[Stored data]

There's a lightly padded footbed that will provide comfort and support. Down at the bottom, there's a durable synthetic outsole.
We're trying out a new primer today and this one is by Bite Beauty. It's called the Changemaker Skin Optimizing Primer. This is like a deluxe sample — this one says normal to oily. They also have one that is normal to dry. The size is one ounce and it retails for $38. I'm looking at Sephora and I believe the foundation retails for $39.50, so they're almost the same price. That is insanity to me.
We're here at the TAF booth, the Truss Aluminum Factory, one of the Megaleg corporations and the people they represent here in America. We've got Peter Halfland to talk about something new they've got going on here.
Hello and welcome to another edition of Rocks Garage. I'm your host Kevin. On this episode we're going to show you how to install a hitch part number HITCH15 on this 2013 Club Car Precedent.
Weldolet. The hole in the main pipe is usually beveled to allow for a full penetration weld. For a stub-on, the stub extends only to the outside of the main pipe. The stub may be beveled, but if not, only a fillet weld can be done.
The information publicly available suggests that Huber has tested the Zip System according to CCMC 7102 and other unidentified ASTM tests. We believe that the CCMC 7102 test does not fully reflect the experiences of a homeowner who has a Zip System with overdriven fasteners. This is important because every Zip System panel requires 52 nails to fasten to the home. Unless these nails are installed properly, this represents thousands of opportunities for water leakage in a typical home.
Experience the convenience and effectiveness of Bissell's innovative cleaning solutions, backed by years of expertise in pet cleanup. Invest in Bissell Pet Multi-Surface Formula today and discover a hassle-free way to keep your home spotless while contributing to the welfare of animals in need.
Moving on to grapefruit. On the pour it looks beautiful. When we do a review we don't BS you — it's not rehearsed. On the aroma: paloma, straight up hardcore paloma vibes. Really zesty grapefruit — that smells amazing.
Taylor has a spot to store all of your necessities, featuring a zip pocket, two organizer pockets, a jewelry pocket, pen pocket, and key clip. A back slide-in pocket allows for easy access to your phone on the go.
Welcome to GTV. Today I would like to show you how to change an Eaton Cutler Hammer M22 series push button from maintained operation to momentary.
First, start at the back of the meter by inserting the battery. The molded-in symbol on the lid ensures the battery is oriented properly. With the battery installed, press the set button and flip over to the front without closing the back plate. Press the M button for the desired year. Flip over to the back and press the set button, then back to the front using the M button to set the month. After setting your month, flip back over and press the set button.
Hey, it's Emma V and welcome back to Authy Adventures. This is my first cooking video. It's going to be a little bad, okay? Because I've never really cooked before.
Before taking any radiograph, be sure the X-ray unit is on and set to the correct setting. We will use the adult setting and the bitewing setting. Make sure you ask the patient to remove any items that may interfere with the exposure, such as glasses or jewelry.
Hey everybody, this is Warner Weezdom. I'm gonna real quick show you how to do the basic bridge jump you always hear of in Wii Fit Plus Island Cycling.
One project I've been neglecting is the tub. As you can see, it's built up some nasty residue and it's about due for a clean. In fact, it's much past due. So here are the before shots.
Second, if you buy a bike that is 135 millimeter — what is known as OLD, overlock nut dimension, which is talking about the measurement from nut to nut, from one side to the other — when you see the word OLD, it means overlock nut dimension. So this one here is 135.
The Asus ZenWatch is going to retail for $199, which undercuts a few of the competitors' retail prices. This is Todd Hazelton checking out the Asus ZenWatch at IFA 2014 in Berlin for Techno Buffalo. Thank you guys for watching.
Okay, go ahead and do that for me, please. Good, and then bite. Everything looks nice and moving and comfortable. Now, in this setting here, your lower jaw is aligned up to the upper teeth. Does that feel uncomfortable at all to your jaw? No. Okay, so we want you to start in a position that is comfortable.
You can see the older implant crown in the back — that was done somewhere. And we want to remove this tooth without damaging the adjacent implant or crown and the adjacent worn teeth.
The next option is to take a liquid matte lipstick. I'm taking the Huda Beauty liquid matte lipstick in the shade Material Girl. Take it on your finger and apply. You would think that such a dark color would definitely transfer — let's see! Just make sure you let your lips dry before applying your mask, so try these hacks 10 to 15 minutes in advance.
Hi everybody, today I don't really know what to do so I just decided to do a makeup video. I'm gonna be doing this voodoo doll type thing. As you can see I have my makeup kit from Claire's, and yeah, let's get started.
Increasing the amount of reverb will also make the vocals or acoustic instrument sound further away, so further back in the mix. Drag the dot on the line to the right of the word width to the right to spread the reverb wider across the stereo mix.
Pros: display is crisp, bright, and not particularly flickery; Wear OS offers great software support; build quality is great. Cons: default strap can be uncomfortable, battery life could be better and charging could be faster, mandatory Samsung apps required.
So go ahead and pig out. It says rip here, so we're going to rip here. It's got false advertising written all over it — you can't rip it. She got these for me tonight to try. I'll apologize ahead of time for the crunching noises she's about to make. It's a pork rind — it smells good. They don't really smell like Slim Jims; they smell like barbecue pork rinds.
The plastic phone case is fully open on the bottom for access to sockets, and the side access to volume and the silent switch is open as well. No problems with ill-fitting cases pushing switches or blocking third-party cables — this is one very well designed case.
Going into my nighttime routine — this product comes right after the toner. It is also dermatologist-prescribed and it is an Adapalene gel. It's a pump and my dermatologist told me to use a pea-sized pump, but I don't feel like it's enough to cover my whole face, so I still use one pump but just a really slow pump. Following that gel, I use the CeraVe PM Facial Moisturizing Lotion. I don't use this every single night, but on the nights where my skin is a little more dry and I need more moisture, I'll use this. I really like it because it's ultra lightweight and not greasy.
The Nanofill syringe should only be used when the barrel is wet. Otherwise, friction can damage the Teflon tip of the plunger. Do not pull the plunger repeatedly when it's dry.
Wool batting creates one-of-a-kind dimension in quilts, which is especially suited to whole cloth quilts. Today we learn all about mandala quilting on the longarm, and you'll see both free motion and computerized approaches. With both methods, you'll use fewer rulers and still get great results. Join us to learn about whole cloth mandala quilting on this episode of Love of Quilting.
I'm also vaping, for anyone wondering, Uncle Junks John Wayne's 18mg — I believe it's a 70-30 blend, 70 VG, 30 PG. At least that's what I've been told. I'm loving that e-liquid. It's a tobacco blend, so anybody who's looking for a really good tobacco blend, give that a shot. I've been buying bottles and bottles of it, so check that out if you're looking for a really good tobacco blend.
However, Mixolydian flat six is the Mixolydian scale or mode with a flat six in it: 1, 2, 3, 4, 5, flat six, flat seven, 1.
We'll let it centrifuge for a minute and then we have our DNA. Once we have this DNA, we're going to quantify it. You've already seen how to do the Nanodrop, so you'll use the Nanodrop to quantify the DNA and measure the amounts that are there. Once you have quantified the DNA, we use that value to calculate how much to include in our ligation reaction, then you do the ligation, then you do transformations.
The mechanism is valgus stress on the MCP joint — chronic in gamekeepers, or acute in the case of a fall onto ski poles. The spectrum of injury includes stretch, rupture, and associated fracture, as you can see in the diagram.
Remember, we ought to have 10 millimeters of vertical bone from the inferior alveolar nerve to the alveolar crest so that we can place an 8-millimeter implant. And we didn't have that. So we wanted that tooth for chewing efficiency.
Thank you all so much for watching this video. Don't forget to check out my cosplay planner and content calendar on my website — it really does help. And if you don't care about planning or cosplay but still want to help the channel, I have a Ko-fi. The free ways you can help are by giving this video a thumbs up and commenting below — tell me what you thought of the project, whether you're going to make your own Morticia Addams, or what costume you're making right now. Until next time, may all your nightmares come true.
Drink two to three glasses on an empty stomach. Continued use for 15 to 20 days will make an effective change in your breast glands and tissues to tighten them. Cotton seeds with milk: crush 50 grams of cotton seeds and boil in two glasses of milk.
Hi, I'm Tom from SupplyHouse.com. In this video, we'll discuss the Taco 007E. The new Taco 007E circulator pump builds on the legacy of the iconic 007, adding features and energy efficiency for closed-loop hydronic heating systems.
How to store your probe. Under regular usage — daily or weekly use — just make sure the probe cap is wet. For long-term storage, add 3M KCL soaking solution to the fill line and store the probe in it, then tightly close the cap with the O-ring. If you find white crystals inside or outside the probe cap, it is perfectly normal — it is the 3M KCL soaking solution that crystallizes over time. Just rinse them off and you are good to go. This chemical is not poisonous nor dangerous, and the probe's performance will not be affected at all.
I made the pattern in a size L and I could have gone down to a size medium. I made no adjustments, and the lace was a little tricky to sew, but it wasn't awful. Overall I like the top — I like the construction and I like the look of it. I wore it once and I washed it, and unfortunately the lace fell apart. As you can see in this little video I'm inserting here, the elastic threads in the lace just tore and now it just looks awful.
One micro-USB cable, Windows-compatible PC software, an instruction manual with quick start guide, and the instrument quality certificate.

Your goal: In the entries above, find the line with "We'll let it" and the line with "Hi, I'm Tom", then restate word for word both of them and every line between, with nothing more.

Your response:
We'll let it centrifuge for a minute and then we have our DNA. Once we have this DNA, we're going to quantify it. You've already seen how to do the Nanodrop, so you'll use the Nanodrop to quantify the DNA and measure the amounts that are there. Once you have quantified the DNA, we use that value to calculate how much to include in our ligation reaction, then you do the ligation, then you do transformations.
The mechanism is valgus stress on the MCP joint — chronic in gamekeepers, or acute in the case of a fall onto ski poles. The spectrum of injury includes stretch, rupture, and associated fracture, as you can see in the diagram.
Remember, we ought to have 10 millimeters of vertical bone from the inferior alveolar nerve to the alveolar crest so that we can place an 8-millimeter implant. And we didn't have that. So we wanted that tooth for chewing efficiency.
Thank you all so much for watching this video. Don't forget to check out my cosplay planner and content calendar on my website — it really does help. And if you don't care about planning or cosplay but still want to help the channel, I have a Ko-fi. The free ways you can help are by giving this video a thumbs up and commenting below — tell me what you thought of the project, whether you're going to make your own Morticia Addams, or what costume you're making right now. Until next time, may all your nightmares come true.
Drink two to three glasses on an empty stomach. Continued use for 15 to 20 days will make an effective change in your breast glands and tissues to tighten them. Cotton seeds with milk: crush 50 grams of cotton seeds and boil in two glasses of milk.
Hi, I'm Tom from SupplyHouse.com. In this video, we'll discuss the Taco 007E. The new Taco 007E circulator pump builds on the legacy of the iconic 007, adding features and energy efficiency for closed-loop hydronic heating systems.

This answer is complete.